Flamboyant youthful businessman Genius Kadungure has boasted that he has bought a 2017 Bentley Bentayga — a supercar, which costs R4 million.
Kadungure, 33, has been showing off on social media the sport utility vehicle — the fastest SUV ever built, which is a powerful, all-terrain, all-purpose car.
The pictures are all the more astonishing since the economy has been decimated and inflation is currently running at over 400 per cent, according to independent estimates.
While the military has forced former leader Robert Mugabe’s exit and President Emmerson Mnangagwa has taken over on anti-corruption platform, these filthy rich youngsters are showcasing their wealth all over social media.
The South African-registered car branded ‘‘Bhuru 1’’, would have cost the self-styled cooking gas tycoon more than R4 million to land the exclusive SUV in Zimbabwe if a 100 percent duty tariff was applied for the importation of this expensive ride.
By acquiring this mean machine, which can hit a 0-100 kilometres in 4,1 seconds and has a top speed of 301km/hour, Kadungure joins an elite group of high-rollers, if not car aficionados, such as runaway businessman Frank Buyanga, who also owns a fleet of fast and pricey wheels.
In a video circulating on social media, Ginimbi — as the businessman is affectionately known — gets interviewed by one of his friends and how he feels driving such a ride in such “hard times.”
“This is a Bentyega 2017, welcome to the life of the rich and famous, my guy.
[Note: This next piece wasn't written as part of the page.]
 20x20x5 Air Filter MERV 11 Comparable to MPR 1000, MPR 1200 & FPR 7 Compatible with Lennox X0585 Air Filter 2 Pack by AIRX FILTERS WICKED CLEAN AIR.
Look at this, this is an iPad my guy, not an iPad from iStore, Bentley my guy, Big B my guy, you know,” he says showing off the custom-made iPad on the car.
“I don’t need to go to an iStore to buy an iPad, I have got everything here. This car has WiFi, everything my guy that I need. I don’t need to go to a business centre in case there is an emergency. I just have to take this iPad from the backseat my guy and start googling my guy, Guuuugu in the car.”
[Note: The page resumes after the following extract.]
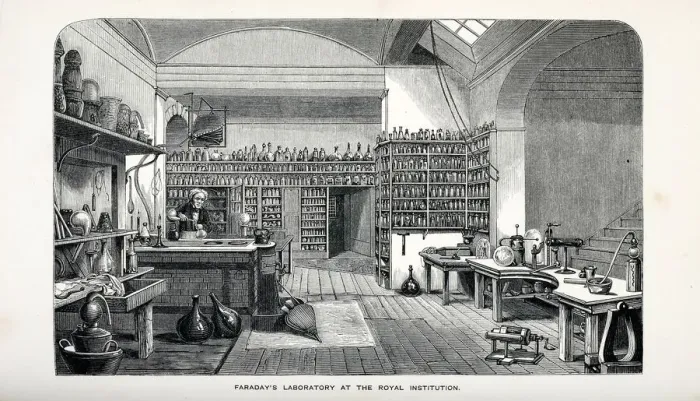 Framed Print : Faradays Laboratory at the Royal Institution, pub. 1870. Creator: English School (19th Century) Framed Print : Faradays Laboratory at the Royal Institution, pub. 1870. Creator: English School (19th Century)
The interviewer then asks: “So how do you feel having a ride like this during these hard times?”
The narcistic Ginimbi replies: “To me this is normal my guy, to me this is normal. There is no word called ‘hard time’, what is hard time?”
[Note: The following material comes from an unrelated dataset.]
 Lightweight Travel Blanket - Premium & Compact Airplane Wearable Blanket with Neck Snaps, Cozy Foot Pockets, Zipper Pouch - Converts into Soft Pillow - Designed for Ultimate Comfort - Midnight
As Zimbabweans wait to whet their appetite — and eyes — on the front-engine, all-wheel drive, five-door luxury SUV , it will not be the first time that these young entrepreneurs have wowed crowds with big cars.
Known for throwing lavish white parties and flaunting his fleet of top-of-the-range cars, Ginimbi is the founder and chief executive officer of a gas company, Pioneer Gases, which has interests in Botswana, South Africa and Zimbabwe.
The company supplies gas to the commercial, industrial, public and retail sectors.
In April last year, a State prosecutor dropped fraud charges against Kadungure, in a R1,5 million scam that had rattled the South Africa-based businessman.
Kadungure was accused of swindling Chegutu West Zanu PF legislator Dexter Nduna, and a Kadoma-based miner, Wyclef Gatawa, of nearly R1,6 million.
But National Prosecuting Authority (NPA) commercial crimes head Chris Mutangadura, said that the State would “no longer pursue the matter after notification from the second complainant of his intention to withdraw the charges following an out-of-court settlement.”
The development also came as the swaggering businessman had sought to drag in Intratrek Zimbabwe boss Wicknell Chivayo into the case, but the latter’s lawyers — Thabani Mpofu and Manase & Manase — vehemently denied their “client’s involvement in petty, low-level transactions as he was a businessman of international repute.”
The State’s case had alleged that Kadungure and his accomplices purportedly acted as State diamond mining firm Marange Resources’ procurement officials, which later referred the victims to a fictitious supplier called Transco Civil Engineering.
Through this elaborate scam and front of non-existent companies in November 2012, the SA-based energy trader allegedly bilked Nduna’s Badon Enterprises and Gatawa after monies were transferred into the bogus entity’s Absa account.
However, the flamboyant lifestyles of these young entrepreneurs comes against a rise in income and wealth disparities in the country, and where scores of people are desperate for get-rich-quick solutions.